# Task description:
From the line containing "Rafael Nadal of" down to the last line of the listing, quote everything word for word, and nothing else, keeping pictures out.

# Records to use:
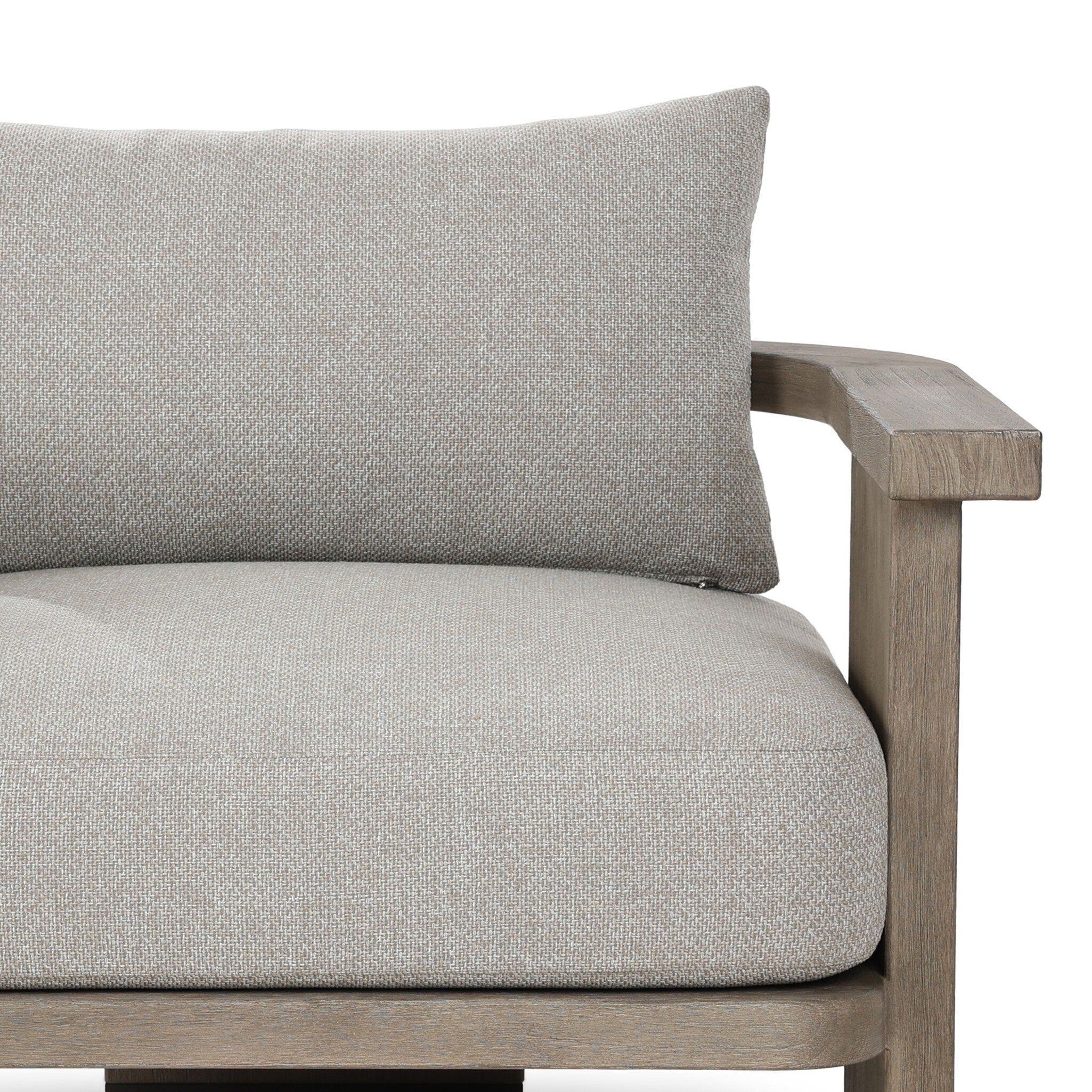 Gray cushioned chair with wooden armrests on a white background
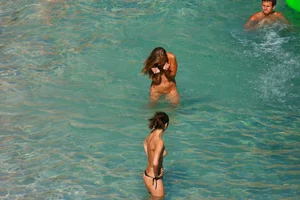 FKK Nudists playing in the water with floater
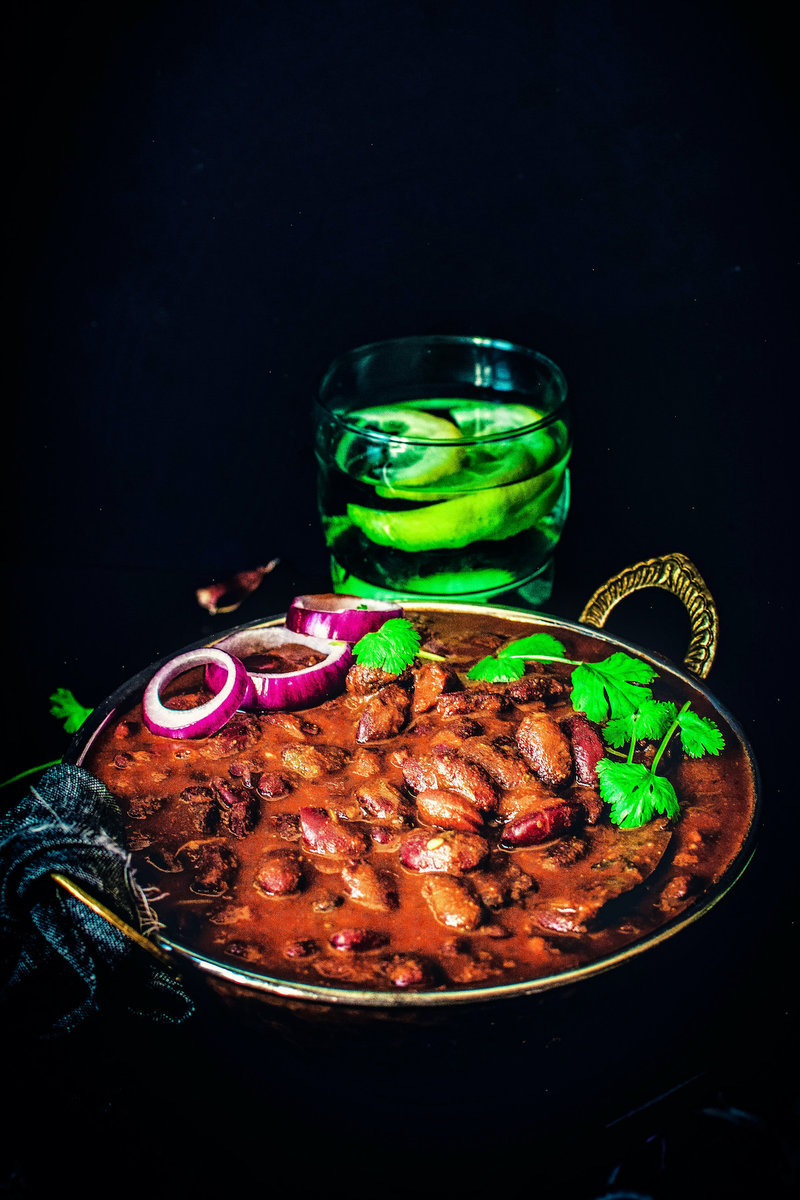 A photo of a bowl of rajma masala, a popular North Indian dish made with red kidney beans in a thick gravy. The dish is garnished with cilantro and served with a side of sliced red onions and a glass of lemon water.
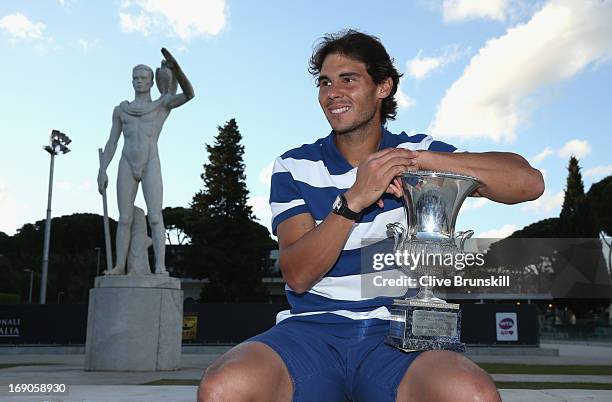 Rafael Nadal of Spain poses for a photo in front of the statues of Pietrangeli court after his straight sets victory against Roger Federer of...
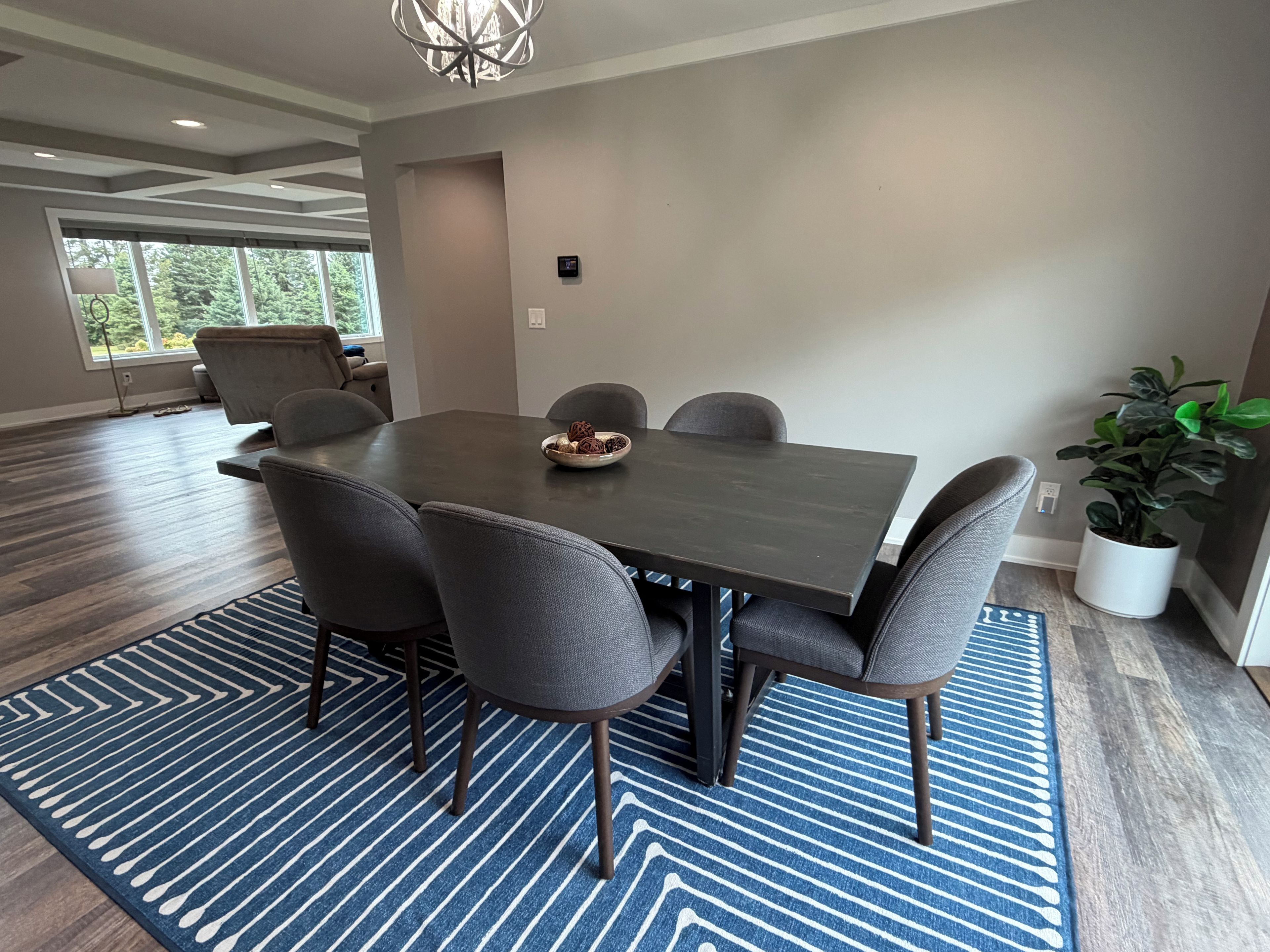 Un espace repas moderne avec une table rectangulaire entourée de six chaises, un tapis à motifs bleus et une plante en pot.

# Response for this exercise:
 Rafael Nadal of Spain poses for a photo in front of the statues of Pietrangeli court after his straight sets victory against Roger Federer of...
 Un espace repas moderne avec une table rectangulaire entourée de six chaises, un tapis à motifs bleus et une plante en pot.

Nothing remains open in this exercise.